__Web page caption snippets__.

======

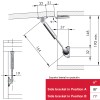 Pistones y elevadores puerta - Pistón Compact Fricción 164mm N60 Níquel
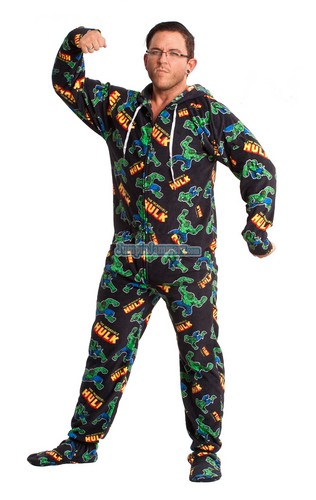  Hulk Footie Pajamas For Sale
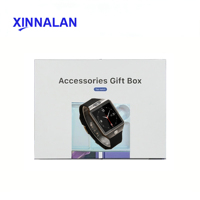 Montre connectée haut de gamme 6 en 1, boîte d'écouteurs TWS, chargeur sans fil, plus étui pour téléphone, accessoires, coffret cadeau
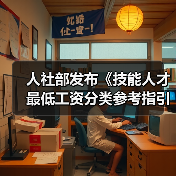 人社部发布《技能人才最低工资分类参考指引》(图2) 人社部发布《技能人才最低工资分类参考指引》(图2)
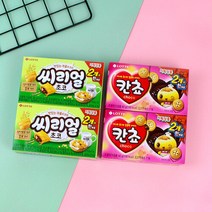 너만아는과자점 롯데제과 칸쵸 씨리얼 2번들 기획팩 실속과자패키지, 칸쵸 초코2번들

======

Exactly the lines from the one containing "Montre connectée haut" to the end of the records above, both end lines included, are to be printed, and no pictures with them.

__Task solution__.
 Montre connectée haut de gamme 6 en 1, boîte d'écouteurs TWS, chargeur sans fil, plus étui pour téléphone, accessoires, coffret cadeau
 人社部发布《技能人才最低工资分类参考指引》(图2) 人社部发布《技能人才最低工资分类参考指引》(图2)
 너만아는과자점 롯데제과 칸쵸 씨리얼 2번들 기획팩 실속과자패키지, 칸쵸 초코2번들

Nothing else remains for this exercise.